Cette connaissance, on le voit, se passe des moyens rituels qui sont ceux de la religion qui emmène par étapes, et pour ainsi dire analytiquement, l’individu à s’unir à l’Universel. En revanche, la connaissance du Suprême ne peut se faire que d’un seul coup, par une opération de synthèse ou d’intégration, comparable au calcul d’une intégrale en mathématiques. Il s’agit donc d’une prise de conscience surgissant sur la base d’une « illumination » intellectuelle. Cette illumination est en quelque sorte une grâce : l’enseignement métaphysique du guru réalisé est certes une condition nécessaire à la prise de conscience du Soi, mais elle n’en constitue pas la condition suffisante, qui échappe aux moyens humains et ne peut venir que du Soi transcendant.

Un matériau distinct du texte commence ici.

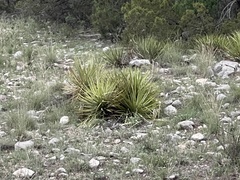 Yucca reverchonii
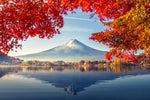 Mount Fuji Autumn Wall Art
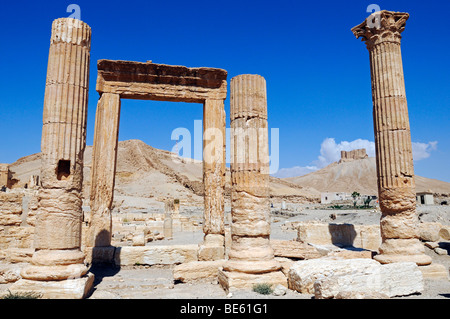 Ruinen von Palmyra Ausgrabung Website, Tadmur, Syrien, Asien Stockfoto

Dans cette perspective, il est finalement bon de remarquer que l’institution indienne des castes prévoit son propre dépassement, pour une infime minorité cependant. Au terme du cheminement spirituel du brahmane, en effet, s’ouvre pour lui la possibilité de renoncer (samnyasin) au monde – à sa famille, sa caste et ses possessions – et de partir en contemplation dans la solitude. Au point de réalisation spirituelle où il se trouve, « il ne voit partout qu’une seule réalité », enseigne la Bhagavad Gita, de sorte qu’il discerne le Divin en tous les êtres sans distinction de nature ou de rang : « celui qui agit semblablement avec un bienfaiteur, un ami, un ennemi, une personne indifférente, l’ami d’un ami, une personne détestable, un familier, un saint, un pécheur, celui-là est réellement le meilleur d’entre les yogin. »
L’Inde pense ainsi positivement deux manières d’être « en-dehors » de la religion, c’est-à-dire du système des castes. Une première façon est de la quitter par le bas, en se situant en-deçà, par « antidogmatisme » athée : c’est l’avarna qui, soustrait aux obligations religieuses, l’est aussi du moindre statut social. Une seconde façon est de la quitter par le haut, en se situant au-delà, de façon « métadogmatique » : ayant pénétré la signification profonde des dogmes et des rites, le sage a pris conscience de l’identité de son être avec le Soi divin et immuable : il est alors en état de renoncer au monde, de devenir un « samnyasin ativarnasrami » qui se consacre exclusivement à la connaissance suprême et à son enseignement, en vivant dans la pauvreté. Un état d’abandon à Dieu que, huit cent ans après Shankara, le christianisme, qui recompose verticalement le sens de la religion en levant le voile sur ses plus saints mystères, érigea en principe universel de toute vie religieuse : alors naquit la grande voie de la charité.